Roofers contracted for my new rental property informed me the old plywood on the roof was completely rotten because of poor ventilation. So on top of the $12k bill to re-shingle, it ended up costing an additional $5k to build proper ventilation and replace the rotten plywood. Fine, I bit the necessary bullet on that one. Cost of doing business…
A day later, my new tenant informed me one of the roofers fell through the ceiling… I thought that shit only happened in the movies. Thankfully, the roofer was okay, but now there is a massive hole in the master bedroom ceiling, and I can tell my new tenant is getting frustrated with the whole situation.
On Thursday, I received a phone call from the programmers we hired for my PR company’s new web-based platform… already tens of thousands of dollars into this project, which is two months behind schedule and 30% over budget, they informed me it won’t be ready until September. Meanwhile, the old platform we are using just crashed, with many important features completely f@#%& up for good.
By week’s end we listed the family home and almost immediately drove to the developer’s office to fork over the down payment (a gut-wrenching amount of coin) and begin picking the layout of the house and finishings etc. as the builders will break ground tomorrow. The kids and wife are thrilled, which makes me happy, but building a new home is still a major time and energy drain. Throw in the fact that my cherished baby, a new tech startup I’ve been working on for two years, is heading into the most important and busy time since inception (requiring max effort and hours), and I began to get anxiety for the first time in my life last week. Nothing serious, there are people in this world in situations which make mine look like a cake walk, but nevertheless the anxiety was noticeable. Never had I experienced it before. I love being busy, and often have several projects on the go at once… that’s why it caught me off guard. You see, anxiety stems from one thing: self-doubt.
And every entrepreneur, at one point or another, must overcome this…
I began to question last week if I had taken on more than I could chew. Completely spent on Friday night, I remember thinking, ‘is this how people crash and burn out?’
Reality is, we’re never dealt more than we can handle. You just have to wake up every morning and fight. I was reminded of this when reading to one of my sons his bedtime story from The Book of Virtues (hell of a book for both children and adults by the way).

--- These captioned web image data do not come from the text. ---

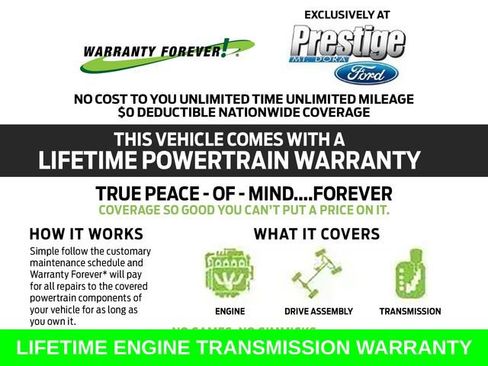 Used 2025 RAM 1500 Laramie w/ Sport Appearance Package AWD/4WD image 2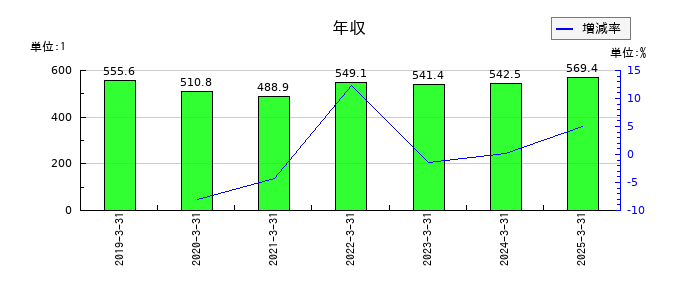 高砂鐵工の年収の推移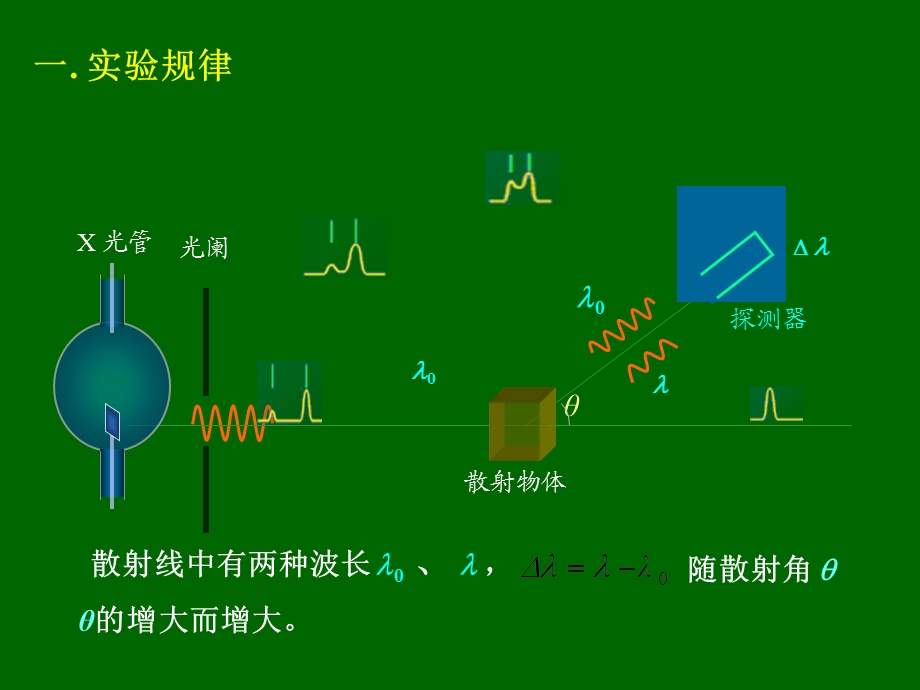 【教学课件】第三节康普顿效应.ppt_第2页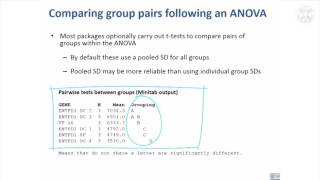 10. Analysis of Variance (ANOVA)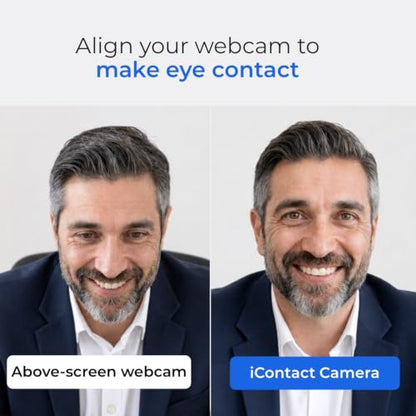 ProMini Web Camera for Meetings for Laptops & Small Screens | Eye Contact, Noise Cancelling Mic, Plug and Play USB for Mac & PC Zoom Certified, Works with Teams, Meet, and Video Calls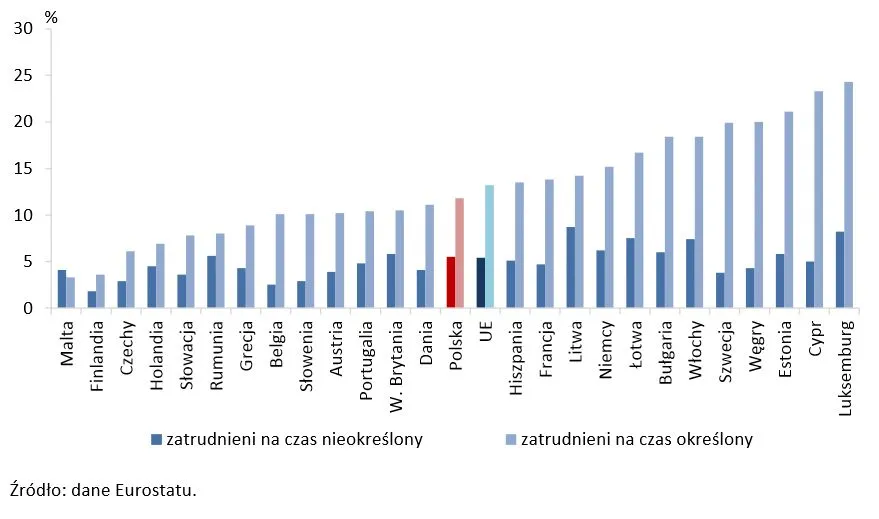 Zagrożenie ubóstwem wśród osób pracujących w 2012 roku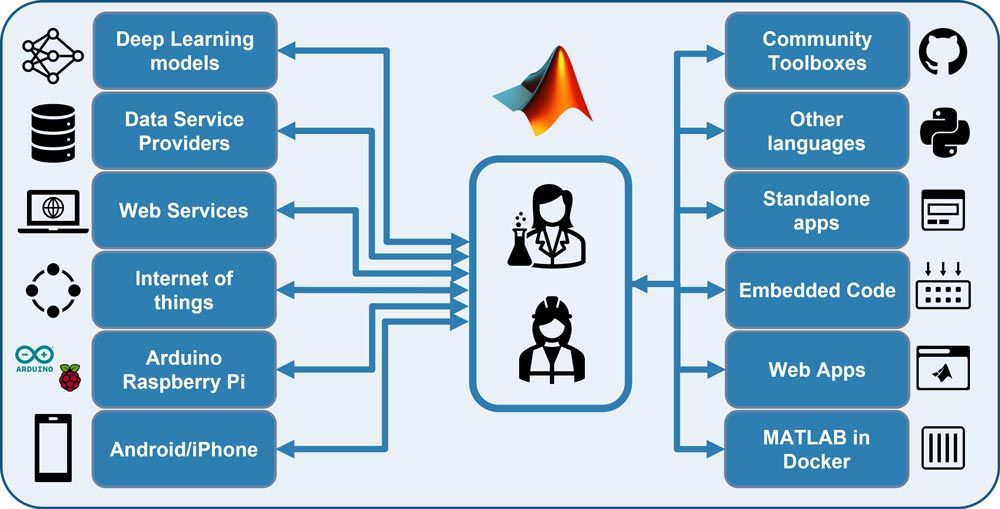 The different data sources, sensors, and platforms that are compatible and interoperable with MATLAB.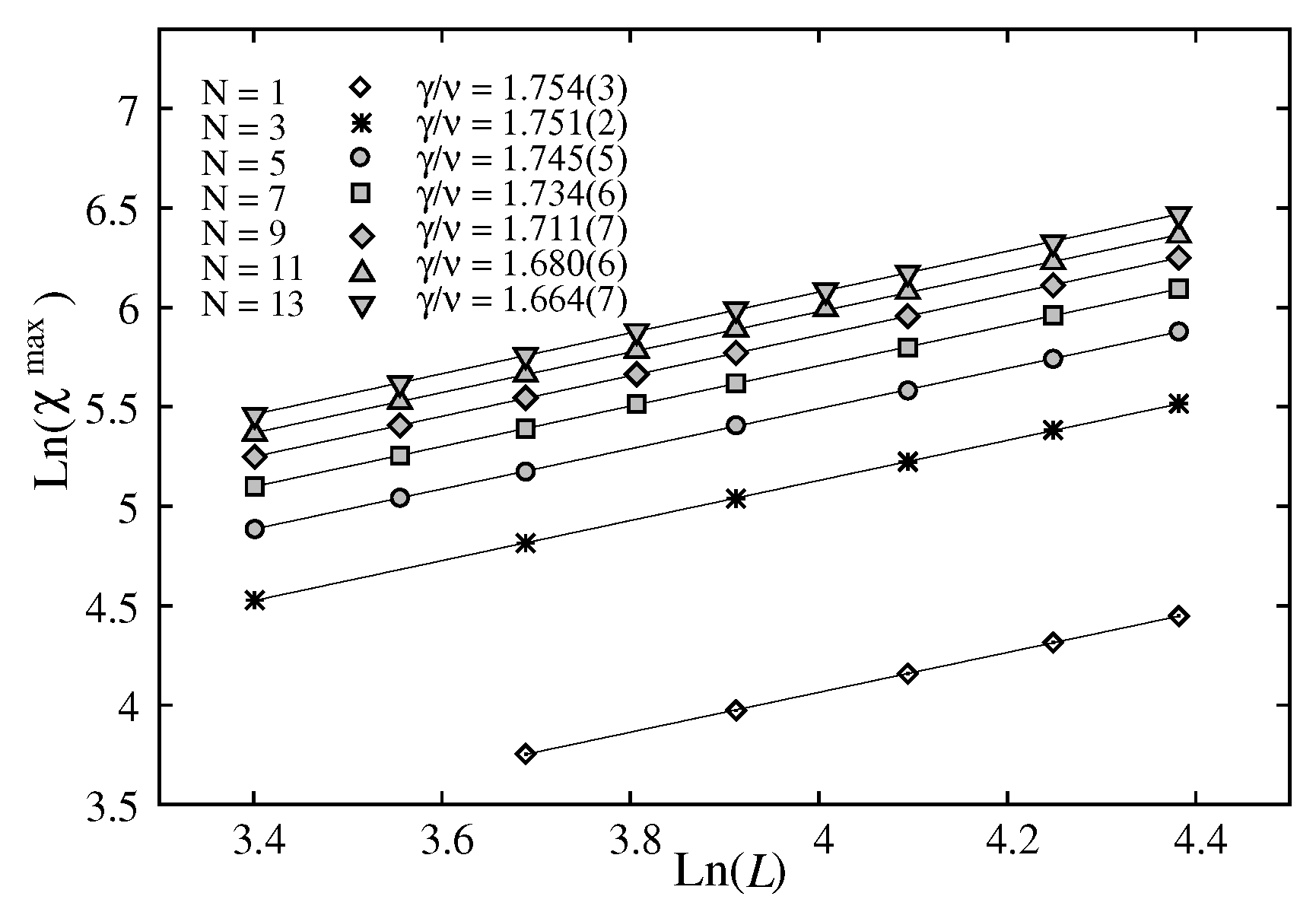 Preprints 150192 g006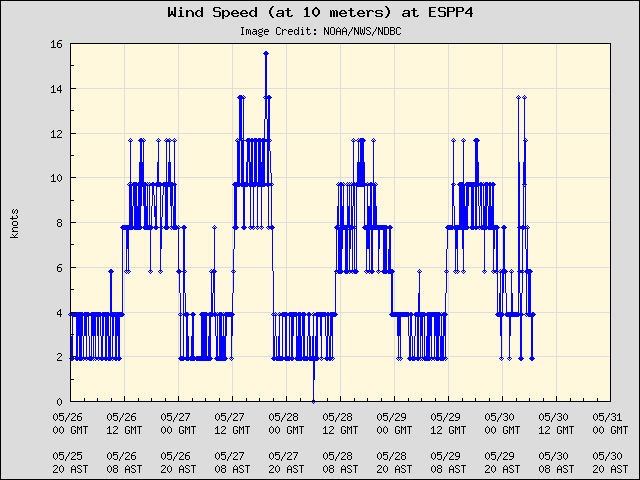 5-day plot - Wind Speed (at 10 meters) at ESPP4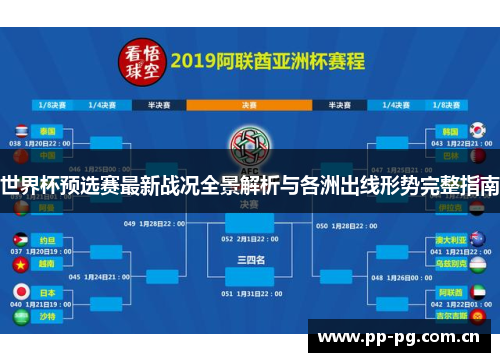 世界杯预选赛最新战况全景解析与各洲出线形势完整指南 世界杯预选赛最新战况全景解析与各洲出线形势完整指南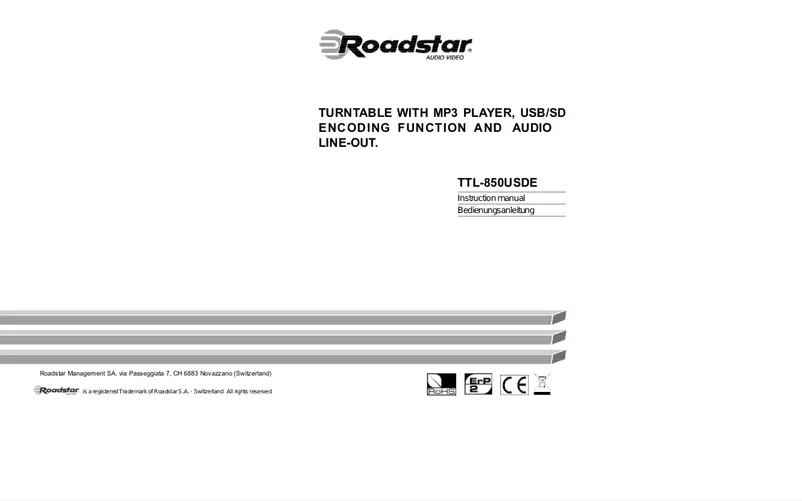 Image de la première page du manuel de l'appareil TTL-850USDE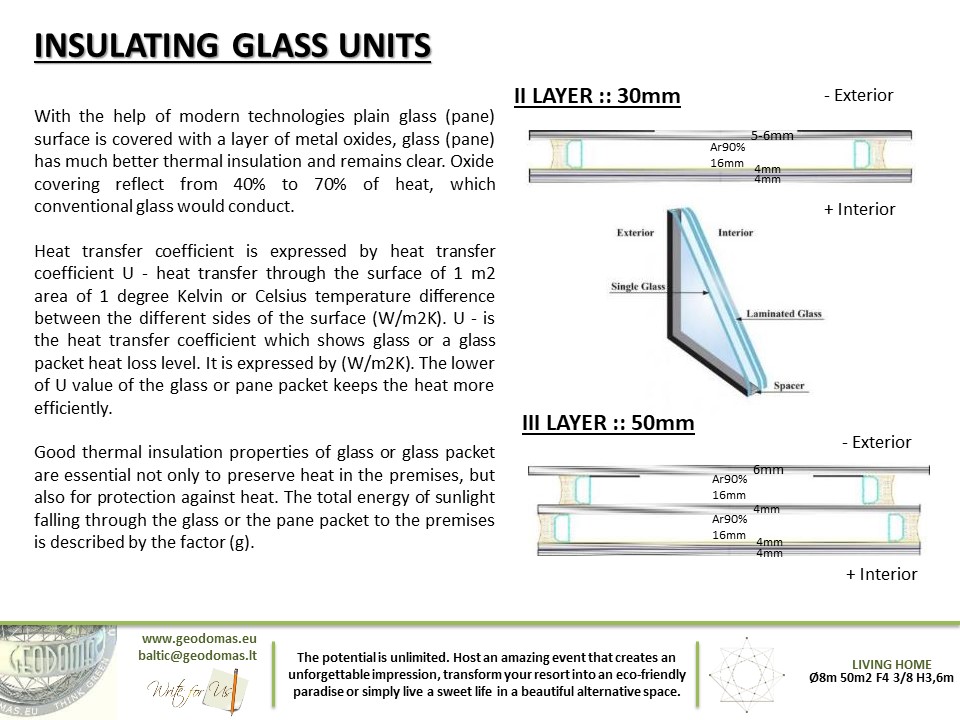 50m2 MODULINĖ STUDIJA Ø8m H4m | SEGMENTINIS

I want to share this poem by Edgar Guest with you as it served me well last week.
Can’t
Can’t is the worst word that’s written or spoken;
Doing more harm here than slander and lies;
On it is many a strong spirit broken,
And with it many a good purpose dies.
It springs from the lips of the thoughtless each morning
And robs us of courage we need through the day:
It rings in our ears like a timely-sent warning
And laughs when we falter and fall by the way.
Can’t is the father of feeble endeavor,
The parent of terror and half-hearted work;
It weakens the efforts of artisans clever,
And makes of the toiler an indolent shirk.
It poisons the soul of the man with a vision,
It stifles in infancy many a plan;
It greets honest toiling with open derision
And mocks at the hopes and the dreams of a man.
Can’t is a word none should speak without blushing;
To utter it should be a symbol of shame;
Ambition and courage it daily is crushing;
It blights a man’s purpose and shortens his aim.
Despise it with all of your hatred of error;
Refuse it the lodgment it seeks in your brain;
Arm against it as a creature of terror,
And all that you dream of you some day shall gain.
Can’t is the word that is foe to ambition,
An enemy ambushed to shatter your will;
Its prey is forever the man with a mission
And bows but to courage and patience and skill.
Hate it, with hatred that’s deep and undying,
For once it is welcomed ’twill break any man;
Whatever the goal you are seeking, keep trying
And answer this demon by saying: “I can.”